*** Opening of Information provided ***

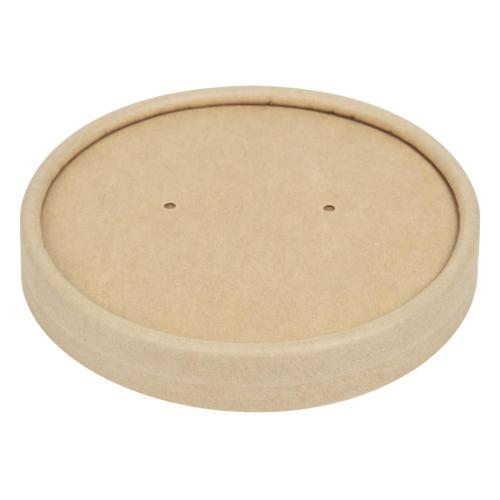 Colpac Souper Cup Lid Kraft - 8/12oz (Pack 500)
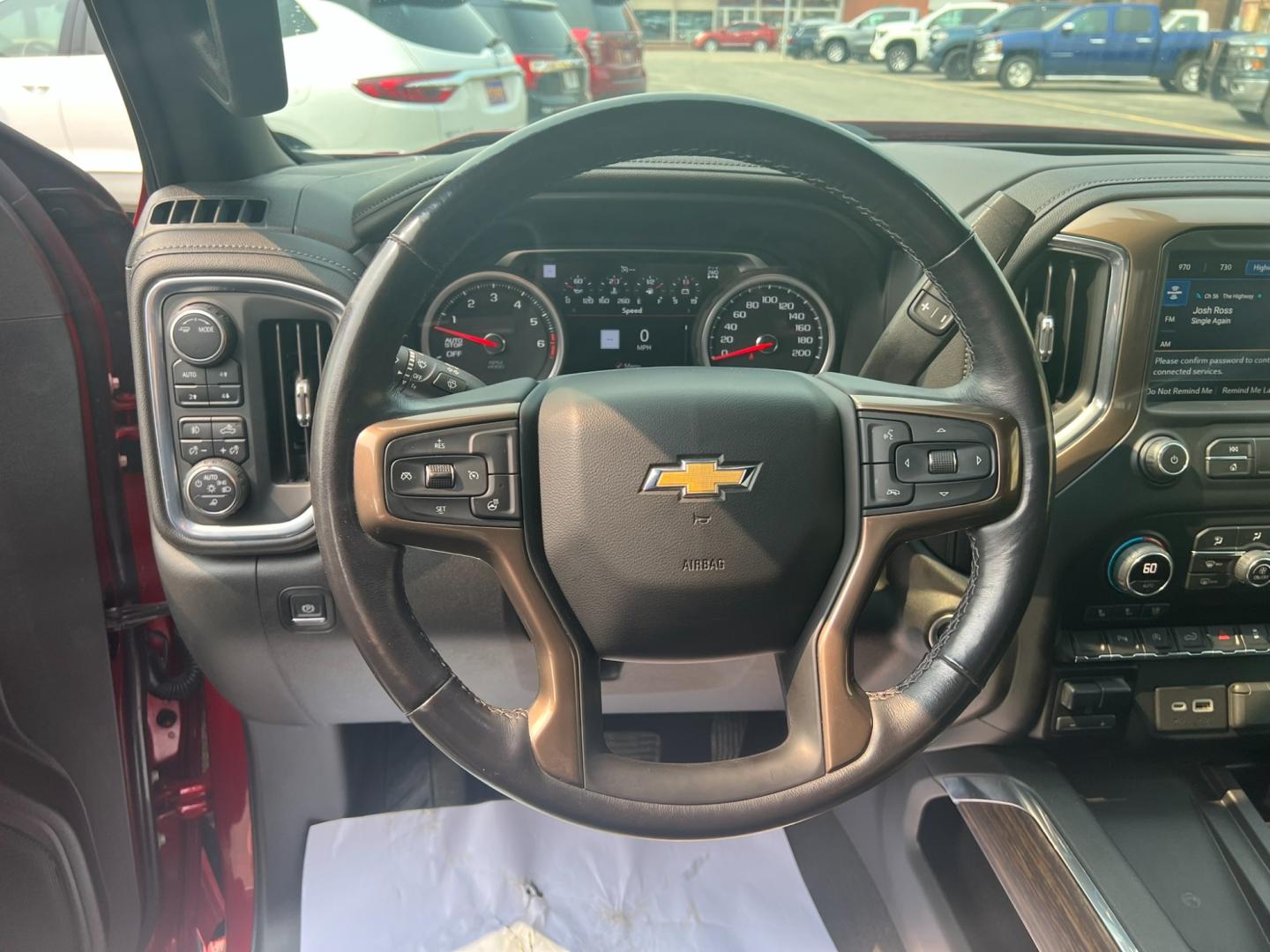 2021 Maroon /Black Chevrolet Silverado 1500 High Country (1GCUYHELXMZ) with an 6.2L DI V8 engine, Automatic transmission, located at 116 5th Avenue South, Lewistown, MT, 59457, 47.063877, -109.427879 - Discover the luxury and power of the 2021 Chevrolet Silverado 1500 Crew Cab High Country 4WD. This exceptional truck combines sophisticated design with robust performance, featuring: Luxurious leather-appointed interior with heated and ventilated front seats Advanced 4WD system for superior trac - Photo#16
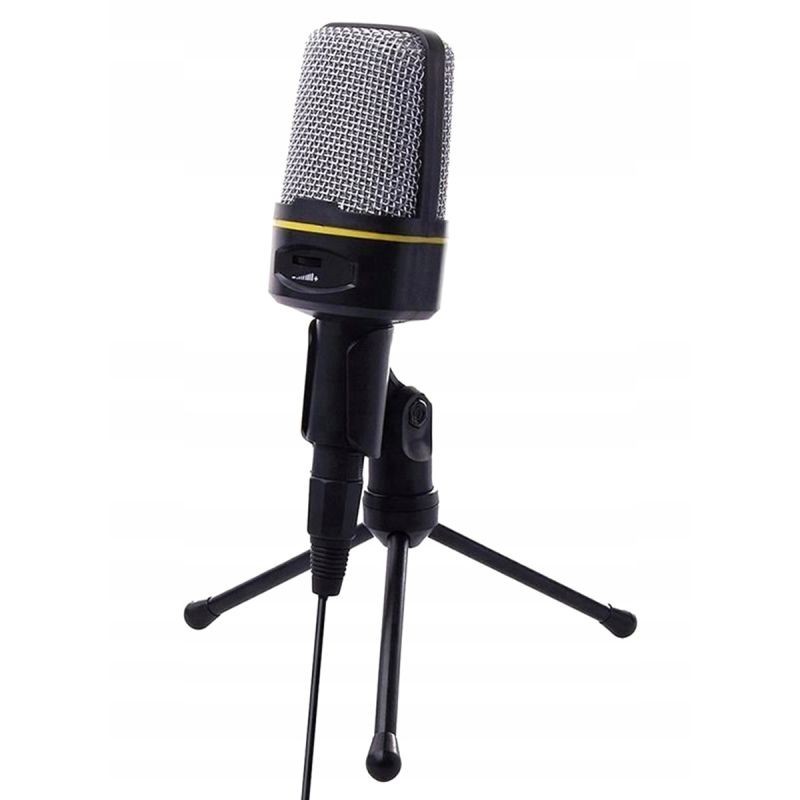 Microfon universal AUX, trepied, Jack 3.5 cm, compatibil smartphone, negru cartuseria.ro imagine 2022 cartile.ro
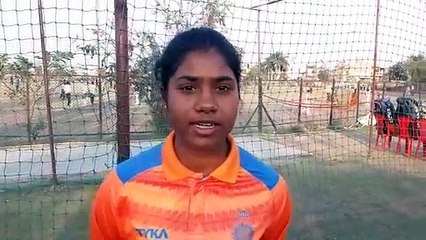 उज्जैन सम्भाग की पहली महिला क्रिकेटर जिसने लगाया शतक, बोली-मेरा सपना है क्रिकेट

*** Close of Information provided ***

# [Your task]
An exact copy is needed of the lines running from the one with "Microfon universal AUX, trepied, Jack" through the end of the data above, and of those lines only, without pictures.

# [Answer for the task]
 Microfon universal AUX, trepied, Jack 3.5 cm, compatibil smartphone, negru cartuseria.ro imagine 2022 cartile.ro
 उज्जैन सम्भाग की पहली महिला क्रिकेटर जिसने लगाया शतक, बोली-मेरा सपना है क्रिकेट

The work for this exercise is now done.